“Vesti Segodna” (Supplement “Delovie Vesti”): “Why do Baltic brands [not] sell?” Prudentia partner comments
26 February 2007
One of the themes discussed at the recent conference "Mergers and Acquisitions in the Baltic States" was how real it is to sell a brand in the Baltic countries. Not a company, not production equipment, not a business with money flows and profits, but just a brand. Sadly, there have been few such cases so far.The local market is too small, and young to boot, which is why it is easier to a potential brand buyer to create one from scratch. The more interesting the fact that sometimes-such deals happen nevertheless.
Brands that are "sleeping"
Of Latvian experts who we spoke to - Aivars Jurcāns (KPMG) and Ģirts Rungainis (Prudentia) - Jurcāns said he could not recall any cases when local brands got sold, whereas Rungainis, after lengthy contemplation, remembered just one example. However, the buyer then bought both the business and the brand, albeit each at a time.
- Our client, I will not reveal his name, put his business up for sale, Rungainis recalled. - The enterprise belonged to several companions, but the brand to just one of them, and it was registered in that person's name. In the end, the buyer bought the business first, and then he reached agreement with the brand owner and bought the brand, too. Besides, if I remember correctly, a million was paid for the brand alone - either a million dollars or euros, I don't really remember.
According to Rungainis, at that time the deal was made possible because of interest from the "right" buyer as well as - please note! - Assessment from a "top four" auditor, which said it was worth one million. And the opinion of a "top four" auditor carries much more weight than the opinion of a company's own marketing department.
- Probably there also were other cases of brands being sold, - Rungainis said. - But there is an opposite trend in the Baltic countries: most often they simply buy a company, and develop the brand themselves. Although theoretically, it would make sense for companies that are being sold to look for different buyers for its production facilities and the brand, there is economic logic in that. For instance, the situation with Laima: one investor was interested in buying the brand and developing new production capacities, the other - to buy the technology and start making other products.
Problem is that local brands do not cost much due to the smallness of our market. That's not Coca-Cola, whose image has been planted in nearly every person's brain, and whose brand costs accordingly. Our market is small, the brands are small too, and they are of not much value. Latvian brands that are still remembered on former Soviet Union markets could be the most interesting. For instance, Lauma lingerie, which has been present on these markets all these years, and now has started actively expanding its marketing networks, - Rungainis summed up.

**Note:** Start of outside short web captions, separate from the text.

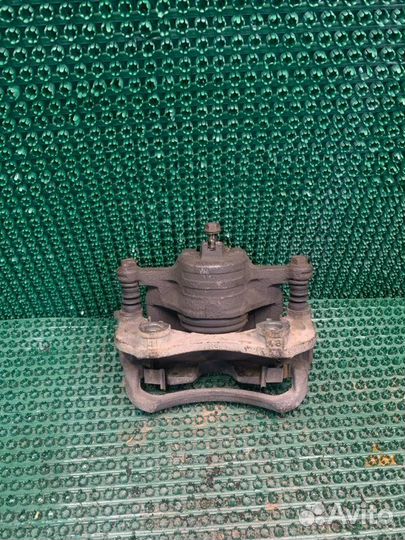 Суппорт тормозной передний правый Nissan Expert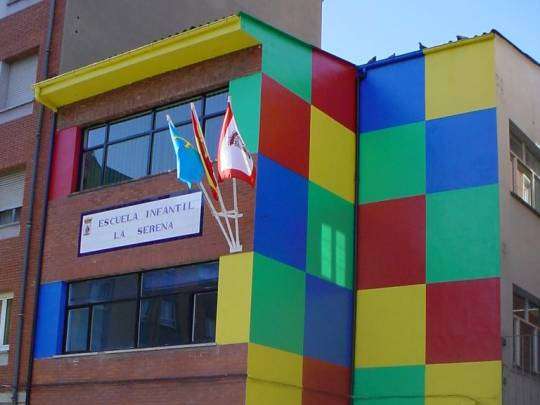 Fachada principal de La Serena, colegio de enseñanza infantil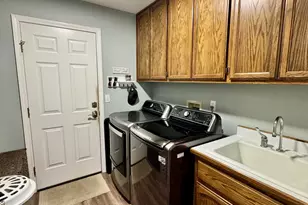 197 Jo Creek Pl, Merlin, OR 97532 - Photo 17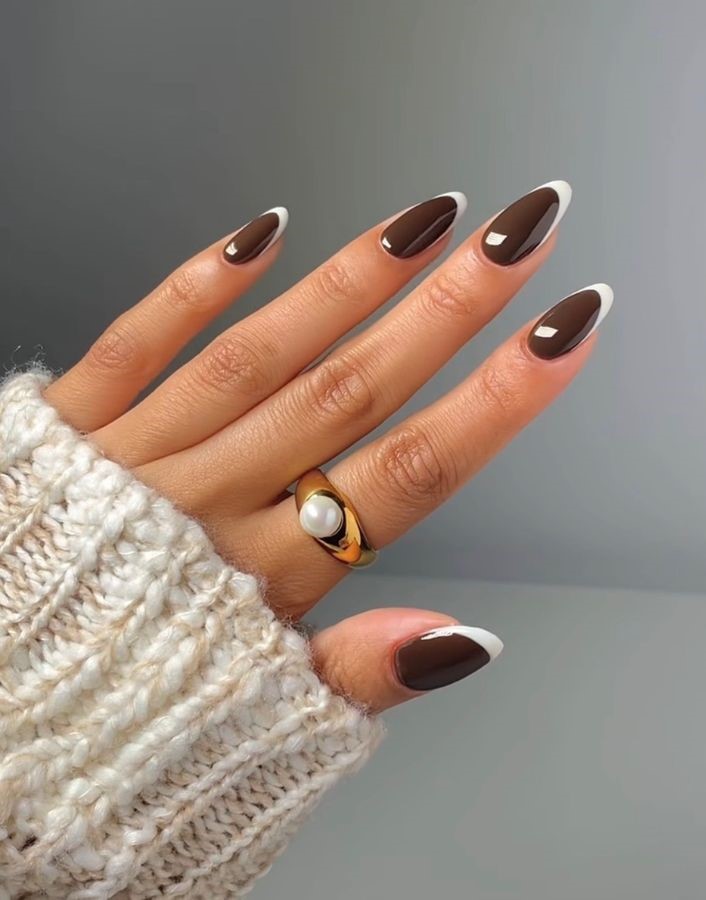 Espresso French Outline Nails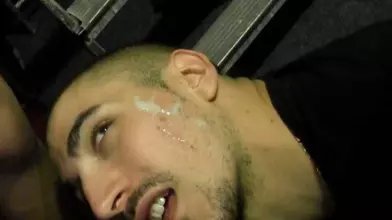 Matt Kennedy s’occupe d’une grosse bite arabe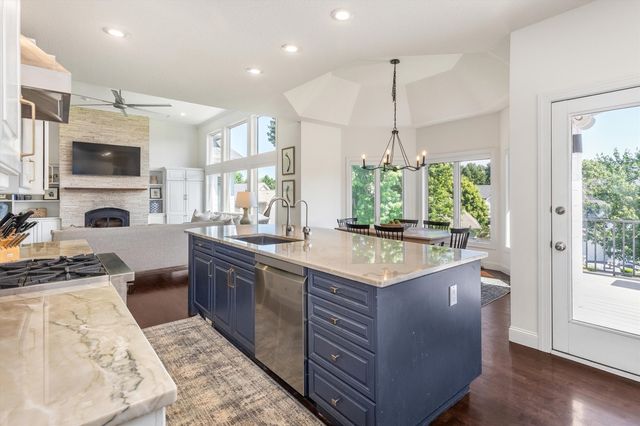3915 154th Court, Urbandale, IA 50323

However, Prudentia expert hastens to add that most of the brands that were once popular in the Soviet Union are "sleeping". That is, they still are recognized, remembered and probably loved, but... The local business is not always capable of using this potential, because that will require investments in logistics, effective advertising, and management, raising production capacities. But local companies, as a rule, have limited financial resources. That is why the potential of the "sleeping" brands has been and will remain a matter of guessing and speculation: would this brand be popular in the East, if only...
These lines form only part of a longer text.